## What is expected
The data is to be repeated exactly, with the images removed.

## Input for this task
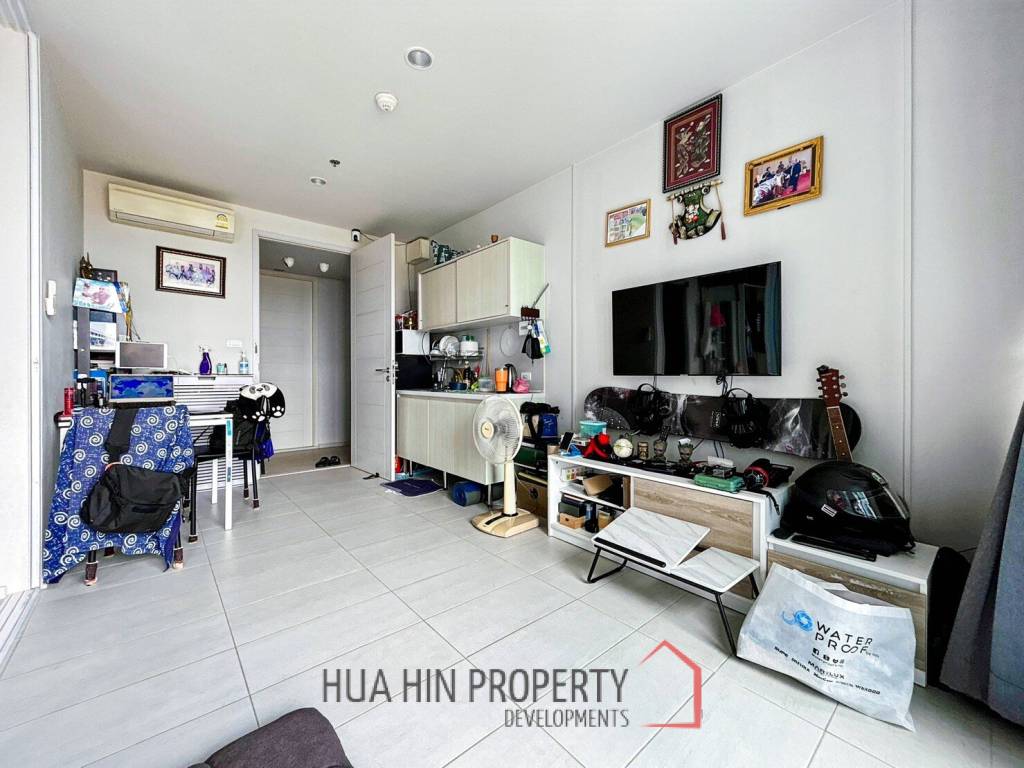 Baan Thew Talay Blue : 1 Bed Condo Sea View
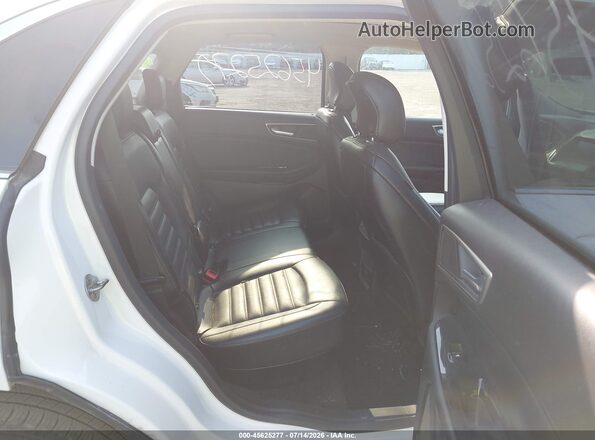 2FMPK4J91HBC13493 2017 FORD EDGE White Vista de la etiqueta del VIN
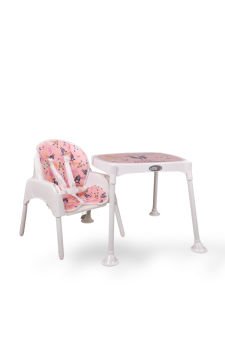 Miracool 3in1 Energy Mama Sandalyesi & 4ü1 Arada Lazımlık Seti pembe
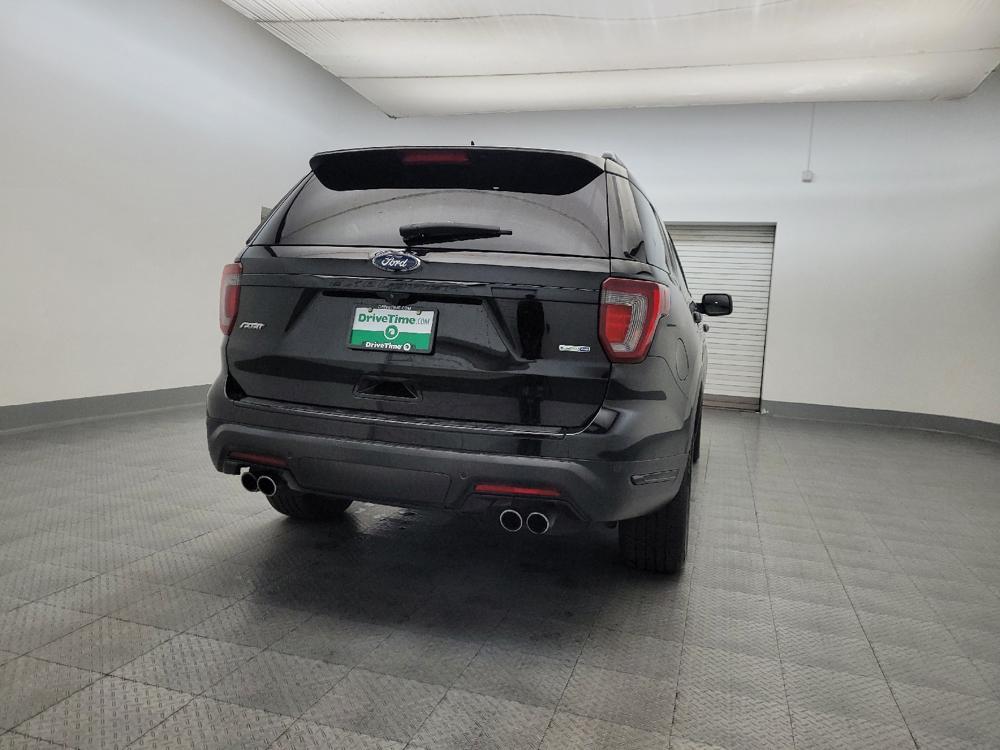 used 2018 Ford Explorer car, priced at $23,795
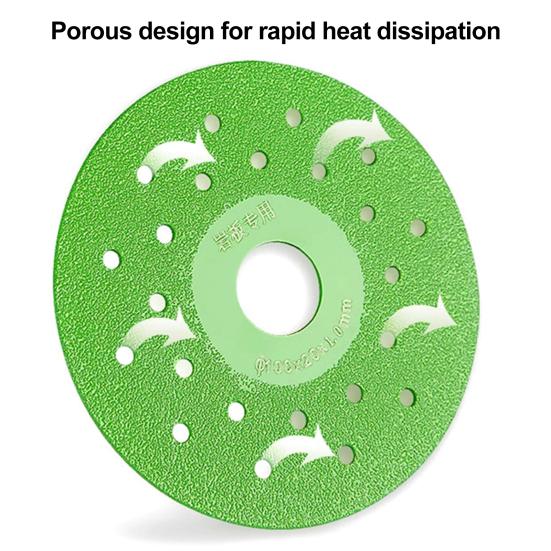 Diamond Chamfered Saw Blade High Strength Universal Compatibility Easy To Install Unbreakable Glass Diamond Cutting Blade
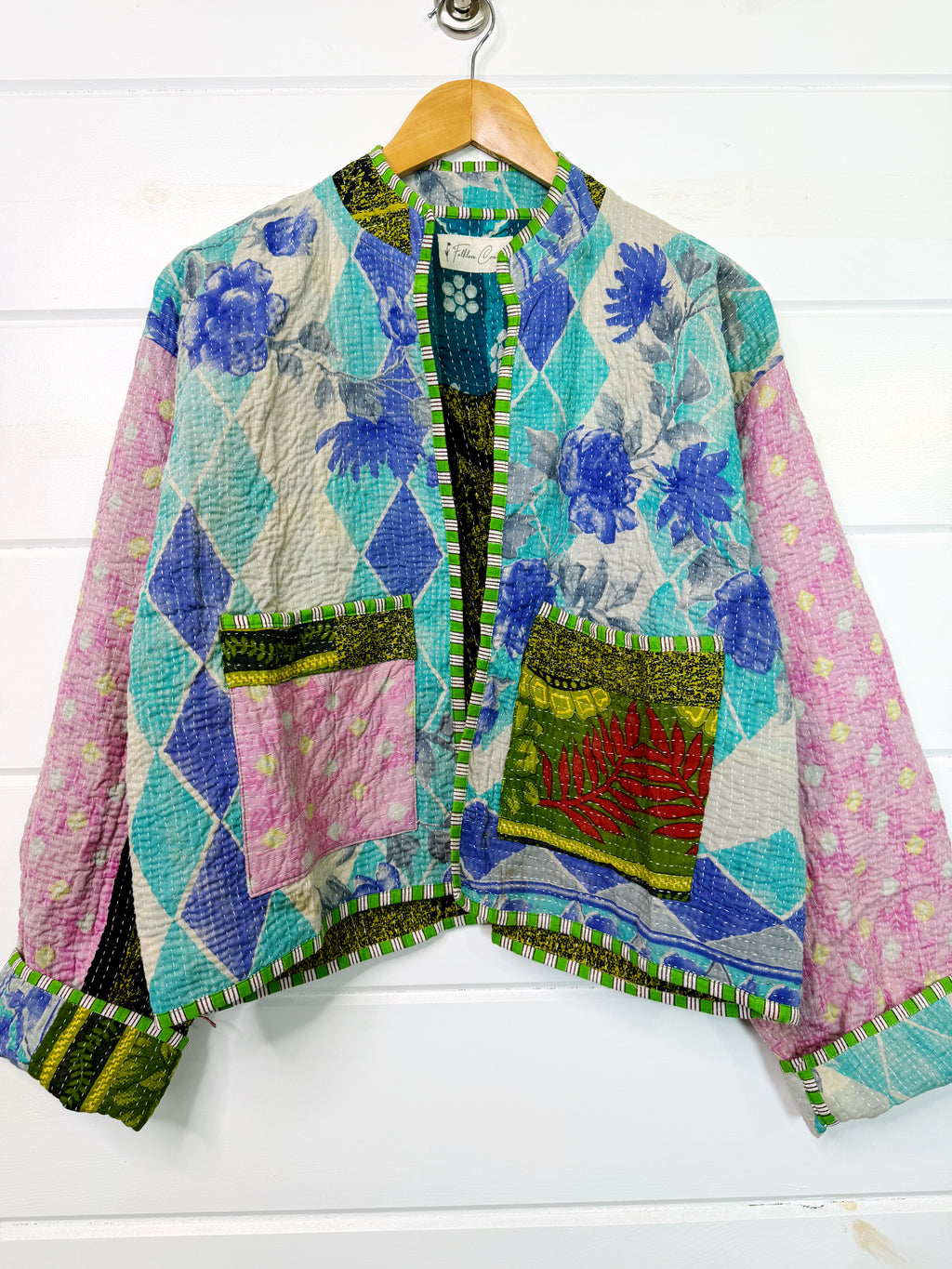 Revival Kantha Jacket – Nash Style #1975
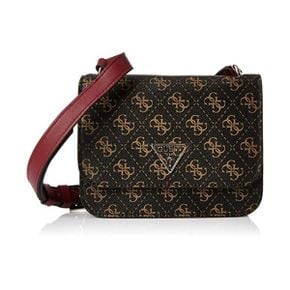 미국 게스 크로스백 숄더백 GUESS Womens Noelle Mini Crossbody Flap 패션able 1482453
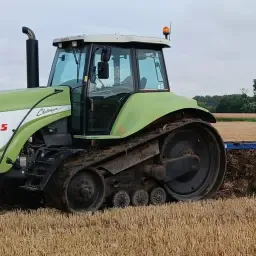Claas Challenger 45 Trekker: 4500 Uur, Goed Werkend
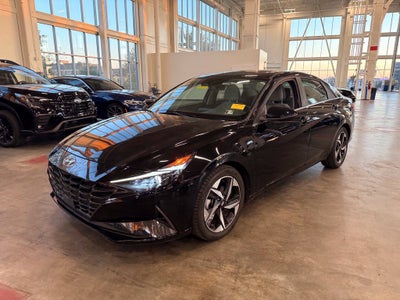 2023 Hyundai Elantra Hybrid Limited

## Result of this task
 Baan Thew Talay Blue : 1 Bed Condo Sea View
 2FMPK4J91HBC13493 2017 FORD EDGE White Vista de la etiqueta del VIN
 Miracool 3in1 Energy Mama Sandalyesi & 4ü1 Arada Lazımlık Seti pembe
 used 2018 Ford Explorer car, priced at $23,795
 Diamond Chamfered Saw Blade High Strength Universal Compatibility Easy To Install Unbreakable Glass Diamond Cutting Blade
 Revival Kantha Jacket – Nash Style #1975
 미국 게스 크로스백 숄더백 GUESS Womens Noelle Mini Crossbody Flap 패션able 1482453
Claas Challenger 45 Trekker: 4500 Uur, Goed Werkend
 2023 Hyundai Elantra Hybrid Limited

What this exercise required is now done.